RICERCA

E-VAT: An Asymmetric End-to-End Approach to Visual Active Exploration and Tracking
E-VAT: An Asymmetric End-to-End Approach to Visual Active Exploration and Tracking

A Dionigi, A Devo, L Guiducci, G Costante – IEEE Robotics and Automation Letters, 2022

The development of visual tracking systems is becoming a major goal for the Robotics community. Most of the works dealing with this topic focus exclusively on passive tracking, where the target is confined within the camera’s field of view. Only a minority propose active approaches, capable not only of identifying the object to be tracked but also of producing motion control actions to maintain visual contact with it. However, all the methods introduced so far assume that the target is initially in the immediate proximity of the tracker.
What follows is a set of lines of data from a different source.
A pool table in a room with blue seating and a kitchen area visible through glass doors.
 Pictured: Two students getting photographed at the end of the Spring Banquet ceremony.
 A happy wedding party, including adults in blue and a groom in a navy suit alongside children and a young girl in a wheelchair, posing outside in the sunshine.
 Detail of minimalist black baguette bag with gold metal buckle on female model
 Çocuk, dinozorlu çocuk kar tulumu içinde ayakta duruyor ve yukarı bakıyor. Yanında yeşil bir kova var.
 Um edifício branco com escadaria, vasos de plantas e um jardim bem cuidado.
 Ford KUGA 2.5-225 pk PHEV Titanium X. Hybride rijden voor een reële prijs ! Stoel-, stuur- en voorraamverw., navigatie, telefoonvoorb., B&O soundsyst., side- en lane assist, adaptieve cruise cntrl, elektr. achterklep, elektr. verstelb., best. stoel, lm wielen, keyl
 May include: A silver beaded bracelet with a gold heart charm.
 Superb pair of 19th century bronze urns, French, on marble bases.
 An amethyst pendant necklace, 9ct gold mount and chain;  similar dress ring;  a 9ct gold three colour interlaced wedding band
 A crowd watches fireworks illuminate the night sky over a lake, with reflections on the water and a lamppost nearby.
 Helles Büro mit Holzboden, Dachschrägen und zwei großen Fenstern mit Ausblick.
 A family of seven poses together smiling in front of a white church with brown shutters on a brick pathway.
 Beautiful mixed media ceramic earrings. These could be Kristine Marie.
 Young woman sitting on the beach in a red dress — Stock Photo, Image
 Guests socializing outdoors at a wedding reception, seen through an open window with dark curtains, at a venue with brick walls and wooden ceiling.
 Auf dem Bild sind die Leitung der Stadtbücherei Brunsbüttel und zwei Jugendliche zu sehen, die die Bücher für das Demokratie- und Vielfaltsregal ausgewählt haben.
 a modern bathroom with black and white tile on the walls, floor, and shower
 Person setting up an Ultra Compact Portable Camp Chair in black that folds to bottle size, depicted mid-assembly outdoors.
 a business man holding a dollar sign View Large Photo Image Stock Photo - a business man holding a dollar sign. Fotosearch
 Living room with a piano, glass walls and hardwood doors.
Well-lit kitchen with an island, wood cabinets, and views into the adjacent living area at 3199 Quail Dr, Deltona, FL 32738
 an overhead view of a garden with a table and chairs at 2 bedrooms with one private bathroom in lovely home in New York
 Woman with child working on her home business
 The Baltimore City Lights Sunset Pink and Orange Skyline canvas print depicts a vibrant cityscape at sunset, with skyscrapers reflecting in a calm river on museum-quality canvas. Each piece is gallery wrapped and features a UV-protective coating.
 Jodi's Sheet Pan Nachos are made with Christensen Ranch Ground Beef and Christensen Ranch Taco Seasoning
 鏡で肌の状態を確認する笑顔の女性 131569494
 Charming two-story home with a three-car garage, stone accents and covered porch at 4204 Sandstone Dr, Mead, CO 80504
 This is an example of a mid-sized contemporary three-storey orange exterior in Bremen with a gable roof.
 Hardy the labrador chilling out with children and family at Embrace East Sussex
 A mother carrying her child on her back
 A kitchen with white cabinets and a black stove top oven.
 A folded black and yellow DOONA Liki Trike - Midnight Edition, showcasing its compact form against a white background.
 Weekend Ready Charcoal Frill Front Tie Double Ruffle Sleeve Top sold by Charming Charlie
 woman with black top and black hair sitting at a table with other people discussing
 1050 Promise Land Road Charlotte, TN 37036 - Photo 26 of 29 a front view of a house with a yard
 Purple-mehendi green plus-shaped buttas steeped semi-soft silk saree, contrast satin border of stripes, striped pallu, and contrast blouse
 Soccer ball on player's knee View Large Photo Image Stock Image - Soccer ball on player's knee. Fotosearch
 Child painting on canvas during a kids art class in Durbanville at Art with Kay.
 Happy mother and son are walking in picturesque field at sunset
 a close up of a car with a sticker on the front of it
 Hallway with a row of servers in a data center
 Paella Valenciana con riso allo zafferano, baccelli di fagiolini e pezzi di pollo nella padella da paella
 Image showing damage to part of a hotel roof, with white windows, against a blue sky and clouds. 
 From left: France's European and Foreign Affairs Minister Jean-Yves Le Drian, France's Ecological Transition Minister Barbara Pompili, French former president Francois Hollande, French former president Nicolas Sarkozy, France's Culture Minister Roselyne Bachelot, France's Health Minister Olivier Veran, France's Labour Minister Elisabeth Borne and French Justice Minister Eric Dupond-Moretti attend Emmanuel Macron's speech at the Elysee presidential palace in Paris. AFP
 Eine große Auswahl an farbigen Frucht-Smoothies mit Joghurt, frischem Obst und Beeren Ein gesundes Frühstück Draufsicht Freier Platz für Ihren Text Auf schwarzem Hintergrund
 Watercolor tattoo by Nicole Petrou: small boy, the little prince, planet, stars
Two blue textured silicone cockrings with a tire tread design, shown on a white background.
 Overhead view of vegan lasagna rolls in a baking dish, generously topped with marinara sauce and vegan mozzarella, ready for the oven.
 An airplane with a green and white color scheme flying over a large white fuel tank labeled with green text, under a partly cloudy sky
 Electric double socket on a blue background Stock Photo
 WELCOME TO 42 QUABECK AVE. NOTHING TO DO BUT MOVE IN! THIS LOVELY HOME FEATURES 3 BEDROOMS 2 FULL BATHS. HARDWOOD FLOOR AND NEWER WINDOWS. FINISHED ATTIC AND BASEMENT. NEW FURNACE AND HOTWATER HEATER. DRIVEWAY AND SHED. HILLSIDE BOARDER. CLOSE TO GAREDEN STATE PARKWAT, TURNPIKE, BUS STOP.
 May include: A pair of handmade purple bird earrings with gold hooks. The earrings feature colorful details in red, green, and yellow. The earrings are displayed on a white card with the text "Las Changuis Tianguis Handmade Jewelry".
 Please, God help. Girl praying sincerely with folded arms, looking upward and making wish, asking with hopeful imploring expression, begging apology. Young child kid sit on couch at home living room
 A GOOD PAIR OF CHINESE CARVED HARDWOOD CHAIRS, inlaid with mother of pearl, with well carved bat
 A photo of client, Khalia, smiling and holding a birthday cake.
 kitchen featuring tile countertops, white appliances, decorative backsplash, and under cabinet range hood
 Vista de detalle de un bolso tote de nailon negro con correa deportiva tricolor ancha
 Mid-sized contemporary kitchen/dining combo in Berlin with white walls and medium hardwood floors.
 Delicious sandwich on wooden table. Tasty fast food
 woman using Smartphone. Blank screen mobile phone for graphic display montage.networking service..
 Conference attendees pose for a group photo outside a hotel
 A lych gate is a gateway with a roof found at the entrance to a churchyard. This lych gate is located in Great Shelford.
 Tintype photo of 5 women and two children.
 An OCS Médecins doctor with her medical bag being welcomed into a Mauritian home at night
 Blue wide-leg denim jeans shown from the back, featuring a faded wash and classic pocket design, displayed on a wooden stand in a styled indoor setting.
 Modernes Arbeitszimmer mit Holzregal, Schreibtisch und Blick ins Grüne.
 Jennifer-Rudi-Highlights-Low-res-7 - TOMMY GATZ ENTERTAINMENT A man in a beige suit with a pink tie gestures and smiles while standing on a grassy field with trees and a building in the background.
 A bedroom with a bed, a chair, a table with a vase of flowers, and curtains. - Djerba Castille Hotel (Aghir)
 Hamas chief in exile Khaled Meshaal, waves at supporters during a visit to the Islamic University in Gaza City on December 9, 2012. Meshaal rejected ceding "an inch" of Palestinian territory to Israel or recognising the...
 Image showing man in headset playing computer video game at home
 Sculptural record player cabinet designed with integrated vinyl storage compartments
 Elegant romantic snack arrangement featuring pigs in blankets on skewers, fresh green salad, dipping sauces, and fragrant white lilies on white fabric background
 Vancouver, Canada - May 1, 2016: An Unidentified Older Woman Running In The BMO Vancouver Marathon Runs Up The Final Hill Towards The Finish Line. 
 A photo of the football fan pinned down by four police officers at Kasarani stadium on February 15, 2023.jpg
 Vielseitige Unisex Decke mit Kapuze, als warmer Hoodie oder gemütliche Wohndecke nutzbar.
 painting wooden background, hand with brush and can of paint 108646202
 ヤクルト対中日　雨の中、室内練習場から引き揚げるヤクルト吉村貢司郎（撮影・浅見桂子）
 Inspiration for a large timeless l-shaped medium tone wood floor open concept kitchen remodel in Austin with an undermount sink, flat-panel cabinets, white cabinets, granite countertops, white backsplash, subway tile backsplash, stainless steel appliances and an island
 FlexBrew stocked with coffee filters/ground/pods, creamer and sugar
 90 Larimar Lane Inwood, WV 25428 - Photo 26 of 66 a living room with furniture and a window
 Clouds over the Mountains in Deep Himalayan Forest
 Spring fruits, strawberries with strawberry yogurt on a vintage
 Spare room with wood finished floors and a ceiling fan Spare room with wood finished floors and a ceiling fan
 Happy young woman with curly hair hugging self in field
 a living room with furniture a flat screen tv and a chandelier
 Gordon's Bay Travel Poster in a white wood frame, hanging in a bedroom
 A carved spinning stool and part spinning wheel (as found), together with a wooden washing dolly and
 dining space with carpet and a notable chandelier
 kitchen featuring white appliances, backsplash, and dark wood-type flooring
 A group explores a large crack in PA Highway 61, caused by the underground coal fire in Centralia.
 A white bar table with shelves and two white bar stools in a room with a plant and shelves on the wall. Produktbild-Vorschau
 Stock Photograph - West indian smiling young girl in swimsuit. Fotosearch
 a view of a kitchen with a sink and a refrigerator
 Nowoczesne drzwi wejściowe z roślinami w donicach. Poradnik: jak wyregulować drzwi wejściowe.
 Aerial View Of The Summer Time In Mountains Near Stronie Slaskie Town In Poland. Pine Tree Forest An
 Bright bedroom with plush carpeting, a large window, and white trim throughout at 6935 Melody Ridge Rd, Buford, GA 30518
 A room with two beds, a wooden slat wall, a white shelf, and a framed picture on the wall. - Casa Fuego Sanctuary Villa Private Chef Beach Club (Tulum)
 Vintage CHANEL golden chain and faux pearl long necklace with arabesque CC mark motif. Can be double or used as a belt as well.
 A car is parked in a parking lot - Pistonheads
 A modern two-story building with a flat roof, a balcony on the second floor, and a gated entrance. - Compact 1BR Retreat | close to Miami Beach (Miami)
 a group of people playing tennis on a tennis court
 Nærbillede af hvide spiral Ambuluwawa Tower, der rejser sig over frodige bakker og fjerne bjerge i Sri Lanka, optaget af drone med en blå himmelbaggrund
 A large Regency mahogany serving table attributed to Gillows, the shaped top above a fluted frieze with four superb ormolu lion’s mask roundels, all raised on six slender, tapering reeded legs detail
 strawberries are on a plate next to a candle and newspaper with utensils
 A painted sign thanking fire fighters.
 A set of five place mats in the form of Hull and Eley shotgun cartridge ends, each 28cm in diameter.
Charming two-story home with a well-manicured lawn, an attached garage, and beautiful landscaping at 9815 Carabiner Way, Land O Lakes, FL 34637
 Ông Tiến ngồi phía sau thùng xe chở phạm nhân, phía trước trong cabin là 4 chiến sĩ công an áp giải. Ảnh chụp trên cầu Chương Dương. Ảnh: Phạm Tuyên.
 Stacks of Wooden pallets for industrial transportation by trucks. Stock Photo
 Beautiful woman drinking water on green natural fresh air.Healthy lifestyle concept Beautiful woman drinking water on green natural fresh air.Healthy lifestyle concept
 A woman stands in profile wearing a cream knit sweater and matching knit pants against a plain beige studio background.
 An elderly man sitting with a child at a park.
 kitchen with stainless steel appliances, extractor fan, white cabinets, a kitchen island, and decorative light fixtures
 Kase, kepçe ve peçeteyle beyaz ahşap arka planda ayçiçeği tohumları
This represents an undesirable constraint on the applicability of these techniques, and it is to overcome this limitation that we propose a novel End-to-End Deep Reinforcement Learning based system, capable of both exploring the surrounding environment to find the target and then of tracking it. To do this, we develop a network consisting of two sub-components: i) the Target-Detection Network , which detects the target in the camera’s field-of-view , and ii) the Exploration and Tracking Network , which employs this information to switch between the exploration policy and the tracking policy with the goal of exploring the environment, finding the target and finally tracking it. Through different experiments, we demonstrate the effectiveness of our approach and its superior performance with respect to current state-of-the-art (SotA) methods.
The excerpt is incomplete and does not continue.